Sometimes I worry about the effect of standardized testing on not only the teaching of writing, but what we're teaching our kids about writing as well. I fear that the fallout of a test-inspired curriculum will be a generation of kids who think that "writing" means responding to a prompt in a sterile, formulaic way, and who are deprived of the opportunity to connect the creative dots in their heads to a brand new piece of writing -- a story on a page.
And then last week, I got to co-teach a creative writing class to nine middle school kids who'd chosen -- without duress -- to spend four summer afternoons connecting those dots. Against the odds, these kids love writing. While they would have been content to curl up and write during the entire session, my co-instructor and I felt that the concept of "class" implied instruction of some sort, so we discussed the elements of a story, ways to create characters and how to write a pitch. We made character collages, went outside to soak in sensory experiences to lend credibility to their imagery and Googled things like French phrases and Star Wars memorabilia. And the kids -- a group ranging in age from 11 to 13 -- spent at least half of each class putting words on the page or the computer screen, turning creative sparks into stories on fire.
The week flew by, leaving us with less time than we'd have liked to have had on Thursday to share pitches and masterpieces. Some stories were laced with humor, others took my breath away. And every single one had at least one sentence that was an absolute gem -- a perfect crystallization of a writing concept acquired along the way that had nothing to do with the ratio of topic sentences to concrete details and commentary sentences.
There are other kids out there who give me hope for the future of writing, too. My niece, Madison, who thinks that writing -- whether using words or music -- is something to revel in. The group of teens who approached an English teacher at their high school because there was no creative writing club and they wanted to start one. The two girls in our class who didn't want to share their stories, representatives of the countless kids who keep journals or write poems that never see the light of day, yet allow them to indulge the muse, free from prompts, formulas and rubrics.
These are the kids who will write the books of the future, rendering arguments about e-books vs. print books and traditional publishing vs. self-publishing moot in the face of literature that offers escape, edification and relaxation, no matter its form.
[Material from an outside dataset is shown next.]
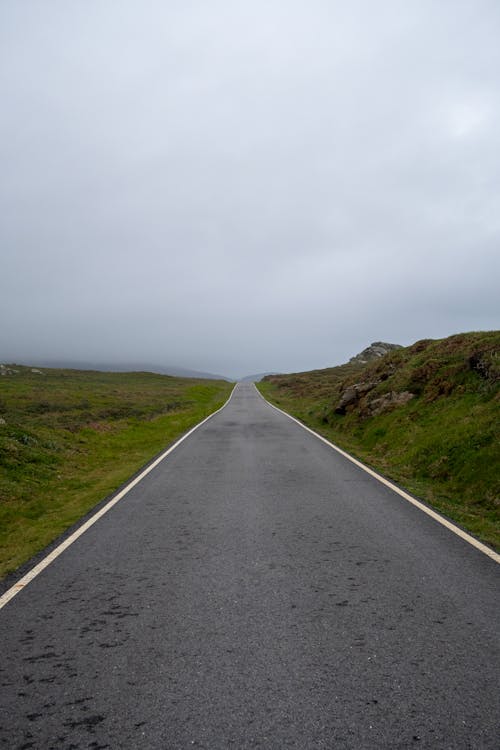A long empty road with a cloudy sky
But if we don't honor their desire to do something with their words now, their loss will be ours as well. If we teach our kids how to write efficiently, but fail to honor their need to write creatively, we are asking them to turn off a shower meant to sprinkle the world with so much more than topic sentences and concrete details. I don't know about you, but I'd much rather be hit with a sprinkling of creative ideas than succession of concrete details.
And to my kids from last week, and my niece, and those high school kids and journal keepers and poem writers: Thanks for sprinkling my world with hope.